Deuxième volet de ce calcul – dont la CNCM ne dévoile pas le résultat final – le Crédit Mutuel serait en droit d’obtenir une « indemnisation » pour « les dommages créés ». En particulier, la CNCM explique qu’en vertu de sa mission de service public, elle est soumise à une « obligation de continuité territoriale » qui l’obligerait à redévelopper à partir de zéro un nouveau réseau d’agences dans le Sud-Ouest et en Bretagne, pour remplacer un réseau Arkéa autonome.
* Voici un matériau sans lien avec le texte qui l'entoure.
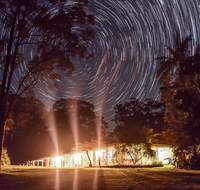 Ashdon Bed  Breakfast - Australia Accommodation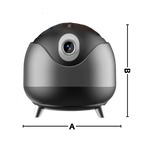 Smart Auto 360 Tracking Gimbal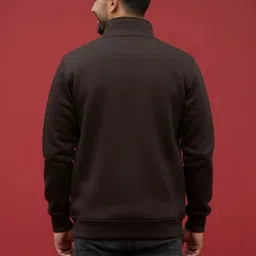 SANDPIPER Men Printed Sweatshirt image 4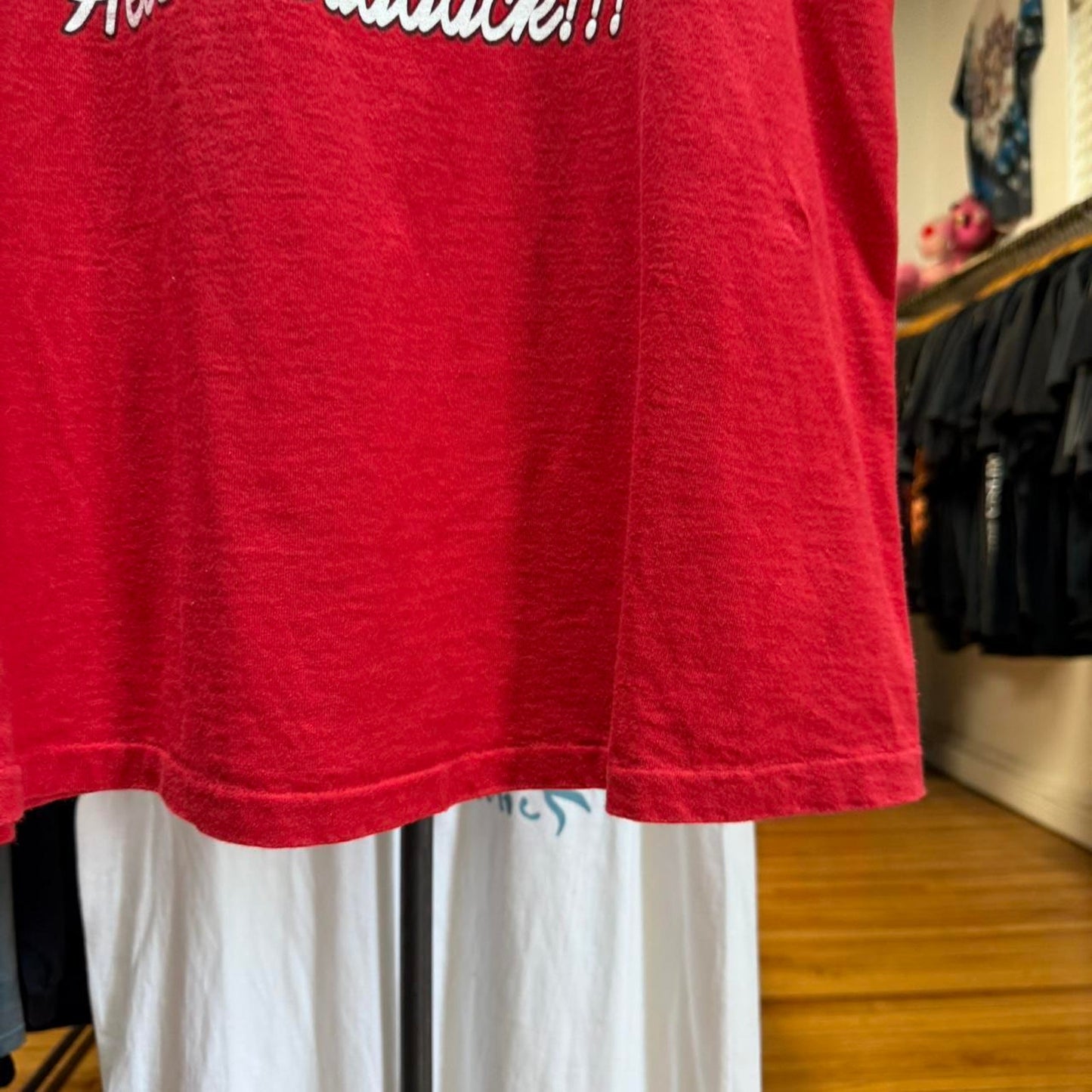 Vintage 90s Chicago Bulls Michael Jordan T-Shirt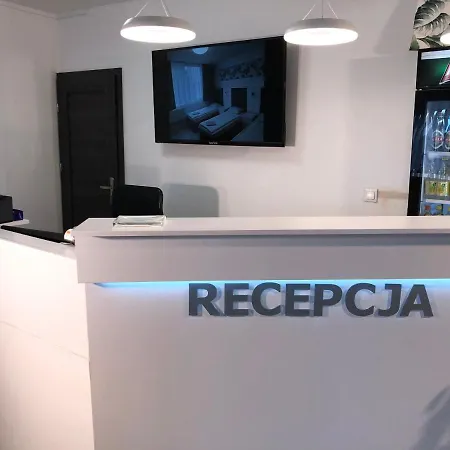 אכסניה Siechnice Noclegi Siechnice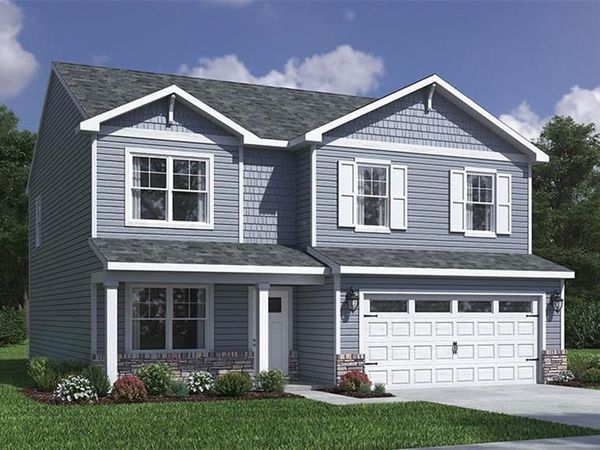 2208 Hackberry Street, Springfield, OH 45505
Le coût d’ouverture d’une caisse locale est ainsi évalué à 4 millions d’euros par Caisse. La question se pose autrement pour le Crédit Mutuel du Massif Central (CMMC), dont la direction a lancé l’an dernier le projet de se séparer d’Arkéa pour s’affilier au CM11 , qui regroupe onze fédérations du Crédit Mutuel. La CNCM a donné mardi son « agrément préalable » à ce « projet de convergence » soulignant que les « décisions définitives » revenaient justement au CMMC.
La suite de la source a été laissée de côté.